• **Your task**
Leave every picture out and print exactly the lines that run from the one containing "Camiseta Presente de" to the end of the listing.

*** Collected data Section Begins ***

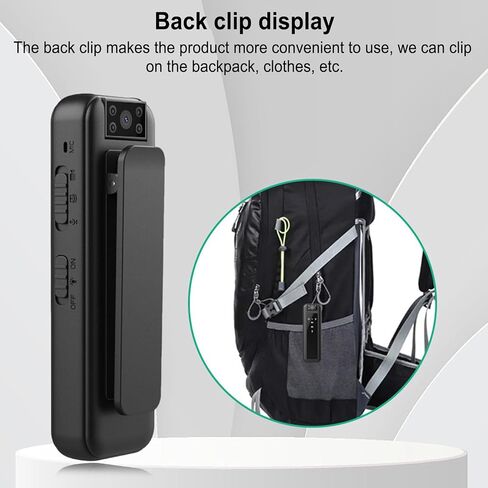 256GB Body Camera, 1080P 600mAh Wearable Video Recorder with 180° Rotatable Lens, Body Camera for Business Office Outdoor Sports in Saudi Arabia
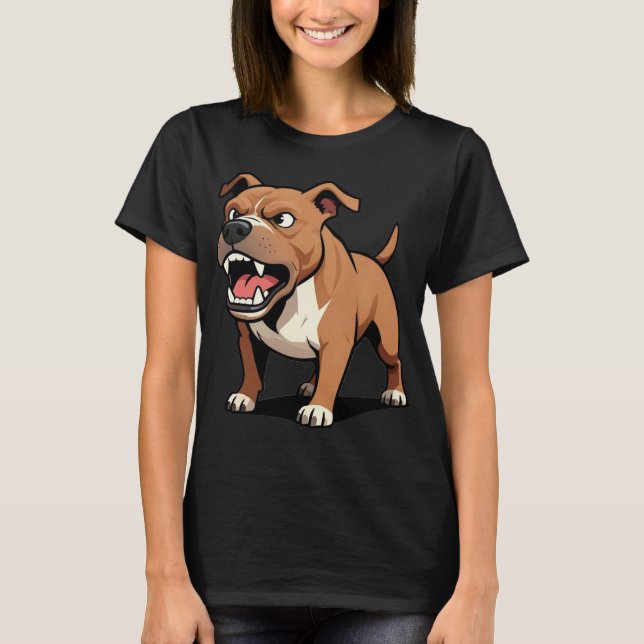 Camiseta Presente de Cachorro Pitbull Marrom Raivoso de Des (Frente)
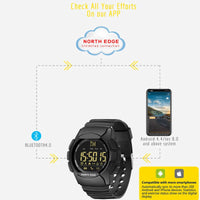Men's Watch Military Water Resistant 100M NORTH EDGE Sport Watch Army Led Digital Wrist Stopwatches For Male For IOS Android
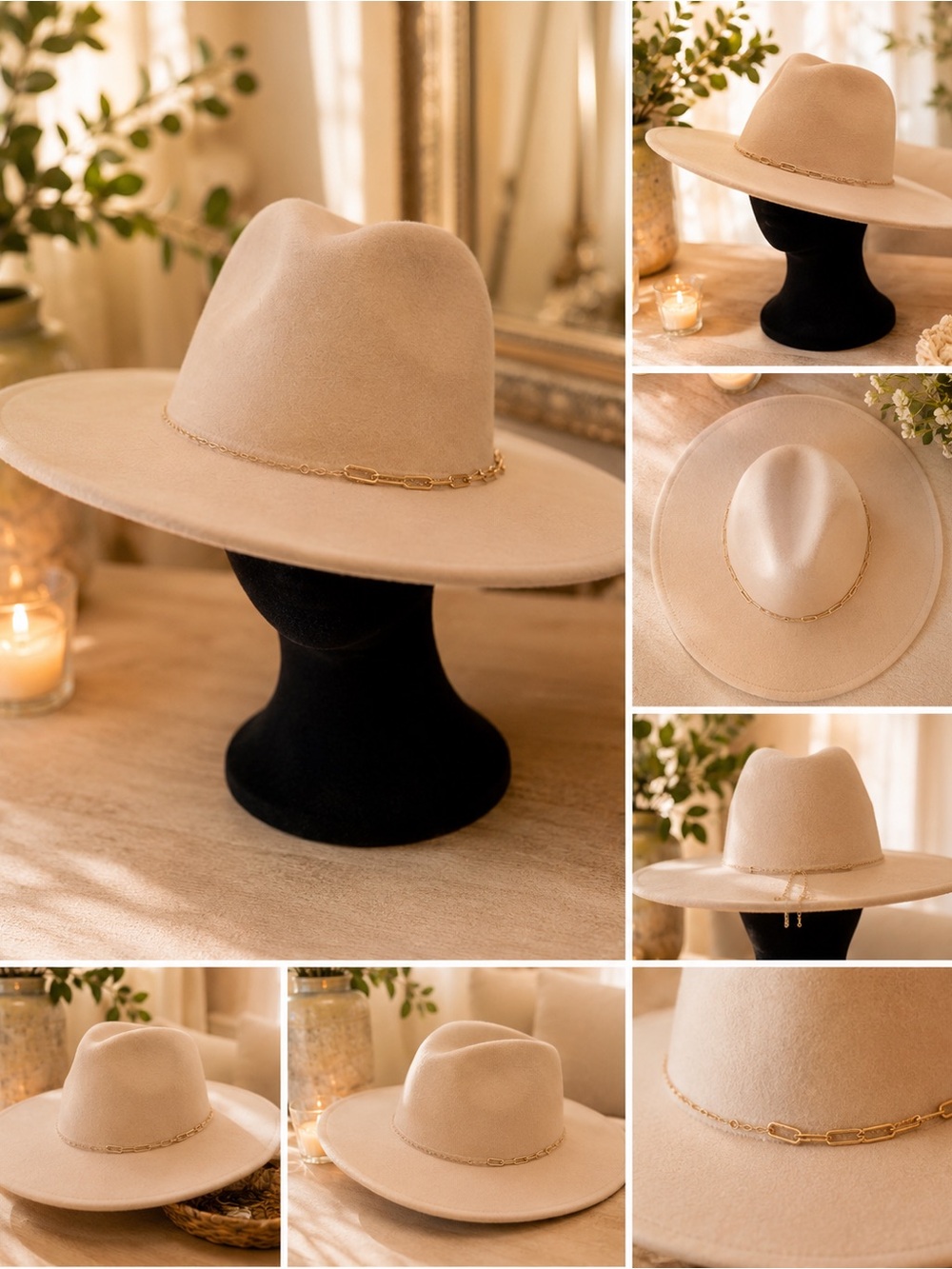 Beige Wide-Brim Felt Fedora Hat with Gold Chain- gorgeous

*** Collected data Section Ends ***

• **Response to this exercise**
 Camiseta Presente de Cachorro Pitbull Marrom Raivoso de Des (Frente)
Men's Watch Military Water Resistant 100M NORTH EDGE Sport Watch Army Led Digital Wrist Stopwatches For Male For IOS Android
 Beige Wide-Brim Felt Fedora Hat with Gold Chain- gorgeous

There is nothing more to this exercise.